Roughly eight miles long and three miles wide, Grand Island is the largest island on the south shore of Lake Superior and helps form the protected harbor at Munising. Abraham Williams became the first permanent Euro-American settler on Grand Island in 1841, when he established a trading post on the south shore of the island at the request of a local chief.

In 1852, the superintendent of lights for the upper lakes recommended that $5,000 be provided for a lighthouse on Grand Island. The Lighthouse Board did not have the “requisite detailed information” to determine if the lighthouse was absolutely necessary, but it noted that there was no risk in providing the money as the law required the Topographical bureau to evaluate the necessity of the light before construction began.

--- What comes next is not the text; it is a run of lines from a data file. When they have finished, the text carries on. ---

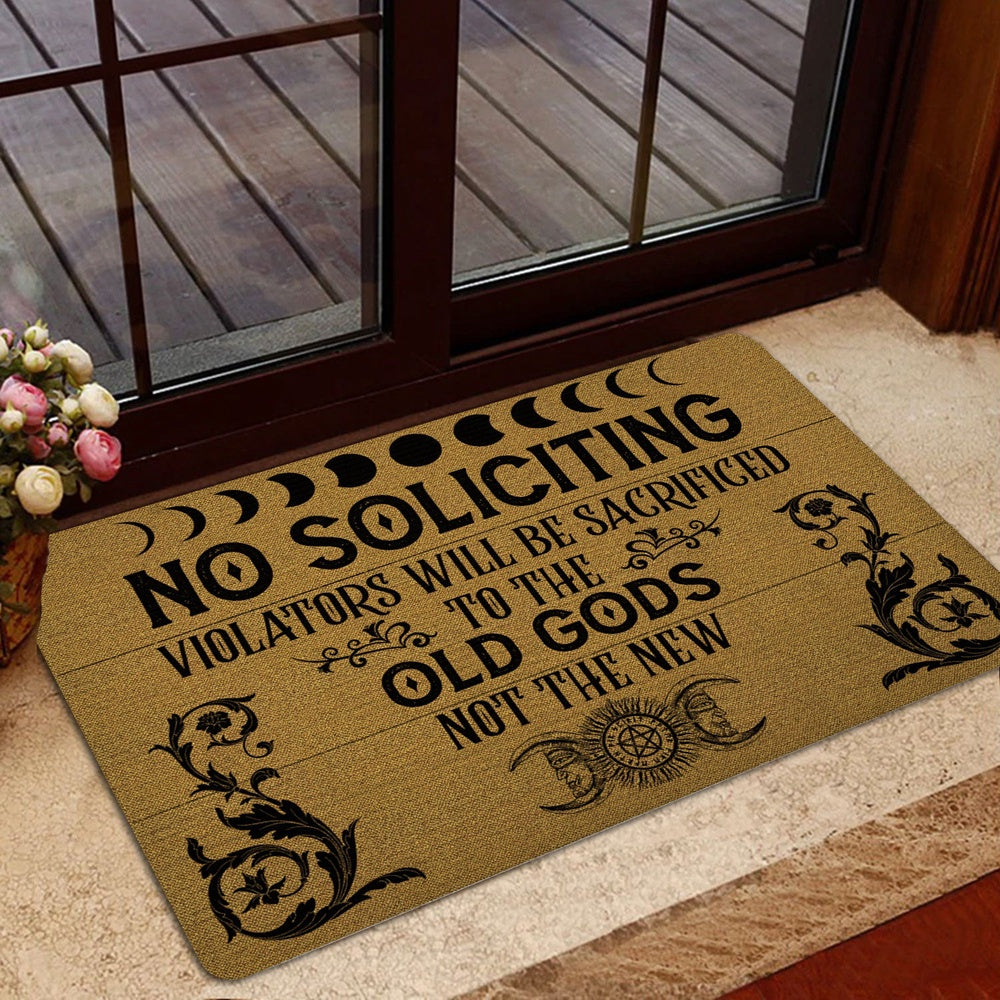 Wicca Welcome Doormat, Witch No Soliciting Old Gods Wiccan Wicca Witch Welcome Doormat, Indoor Outdoor Doormat Home Decor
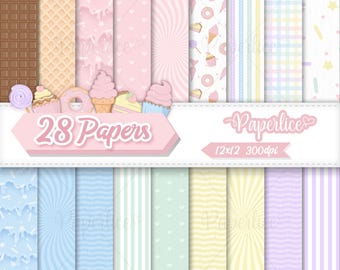 Sweets & Treats Digital Paper, cupcakes, donuts, candy, Sprinkles, Candy Digital Paper Watercolor
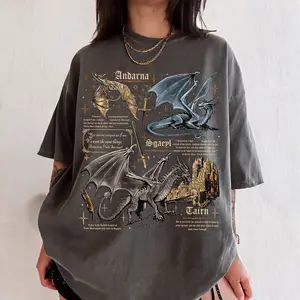 Fourth Wing Dragon Comfort Colors Shirt, Tairn & Andarna TShirt, Basgiath War College Tee, Dragon Rider Shirt, Bookish Gift for Readers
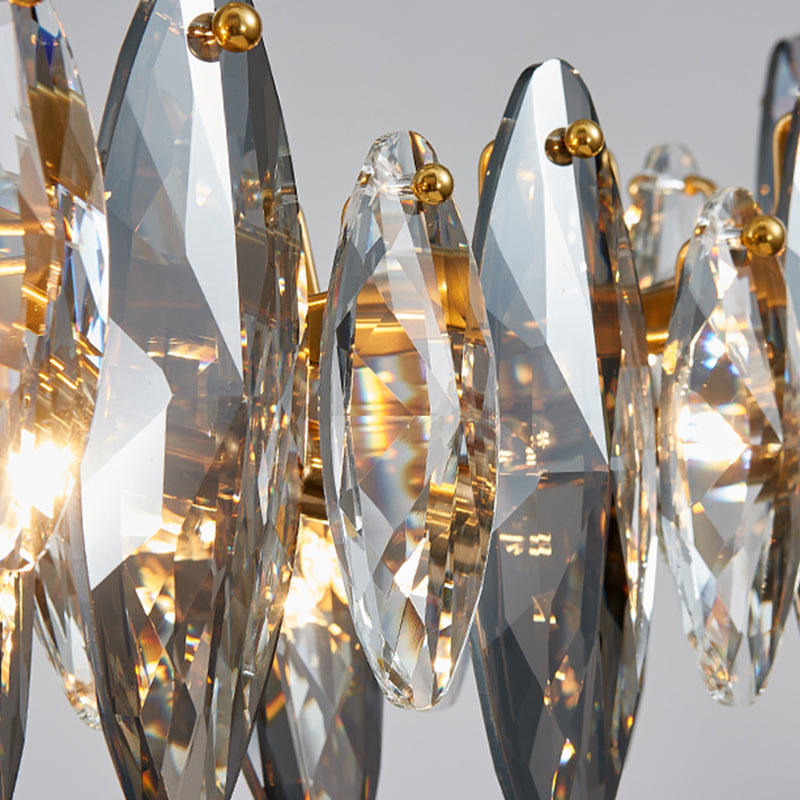 Postmodern Smoke Grey Glass Leaf Suspension Lamp Gold Restaurant Island Light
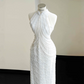White sleeveless beaded waist slim sexy skirt, prom dress R5685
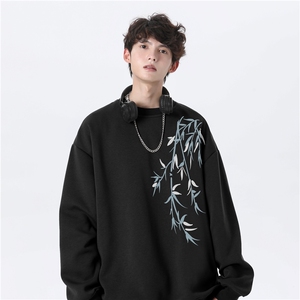 抖音品质秋季新款风纯棉印花宽松圆领卫衣wycm262特批28-控49图片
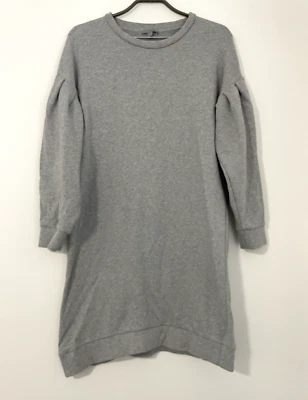 COS womens sweater dress long sleeve grey jersey cotton M lightweight stretch - image 1 of 4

Congress appropriated $5,000 on March 3, 1853 for a lighthouse on Grand Island, and a contract for its construction was awarded in 1854. A site atop the towering cliffs on the northern end of the island was selected, and construction was carried out during the summer of 1855. The lighthouse was equipped with a revolving fourth-order, L. Sautter Fresnel lens that produced a white flash at a focal plane of 204 feet above Lake Superior, though the lantern room was situated just thirty-two feet above the ground. The light was placed in operation in 1856 and served as both a coast light and a harbor light for the many vessels that started sailing along the southern shore of Lake Superior following the opening of the Soo Locks in 1855.

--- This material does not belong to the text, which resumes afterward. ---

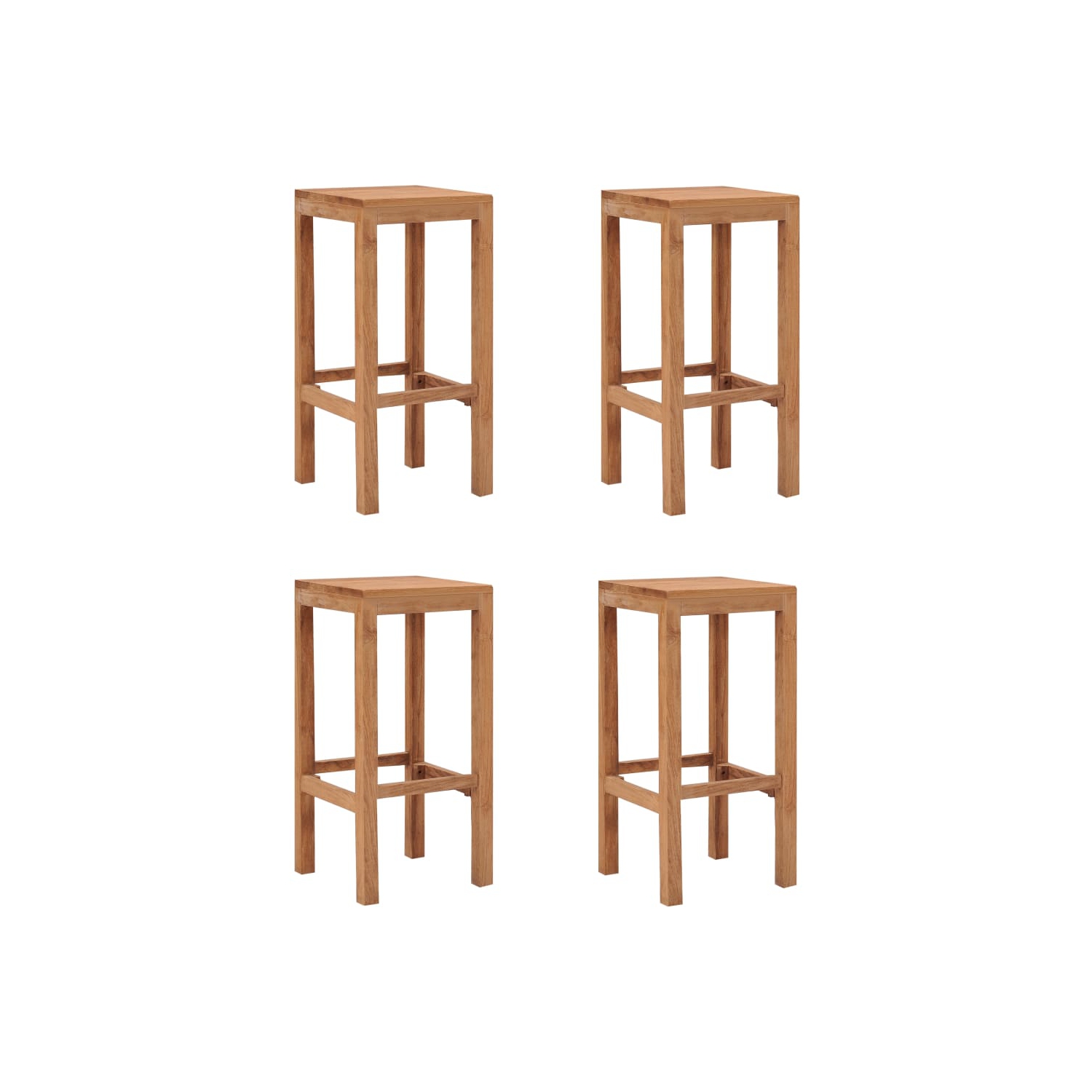 vidaXL Bar Stools 4 pcs Solid Teak Wood
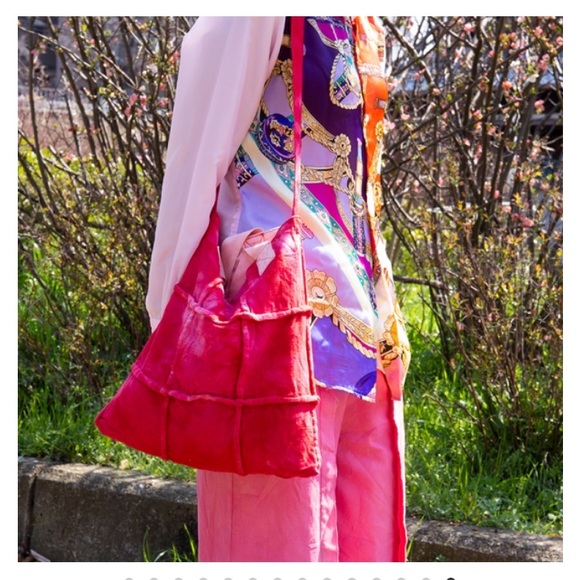 ✨RaRE COMME des GARÇONS tricot Dyed Wool 2 Ways Shoulder Tote Bag PINK - Picture 2 of 16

Grand Island Lighthouse in 1884
Photograph courtesy National Archives
A series of “substantial ladders and steps” were built in 1860 on the cliffs near the lighthouse to provide access to the lake. In 1865, Grand Island Lighthouse was found to be “in a wretched condition, on account of the inferior materials employed in its original construction,” and the Lighthouse Board requested funds so that the lighthouse, which was difficult to access, would require no repairs for years to come.

Congress provided $17,000 on July 23, 1866 to rebuild the lighthouse, and the following year the old tower and dwelling were torn down, and a new lighthouse erected. This new lighthouse was built atop a cut-stone foundation and featured a nine-foot-square brick tower attached to the western gable of a one-and-a-half-story brick dwelling. The fourth-order Fresnel lens, equipped with two bull’s-eye panels, was installed in the new tower’s decagonal lantern room.

One of the early keepers of Grand Island Lighthouse was William Cameron, a Canadian, who was educated at Toronto in European languages and literature and then moved to Sault Ste. Marie, where he became fascinated with Chippewa culture. Cameron married Sophie Nolan, a Chippewa woman, with whom he raised eleven children. The Camerons always spoke English to each other and made sure that their children were educated in both languages. It wasn’t until the early 1870s, when he would have been in his late sixties, that Cameron became keeper of Grand Island Lighthouse.

Keeper Cameron’s education and appreciation for literature is evident in the following entries he made in the station’s log:

July 22, 1872 – A very busy night fighting large blue Miller moths off of the outside of the plate glass with an old feather brush. We almost despaired conquering them, they were actually in myriads although it was drizzling rain. But fortunately a puff of cold air from the Lake about 3 o’clock a.m. caused them to vanish as suddenly as they appeared.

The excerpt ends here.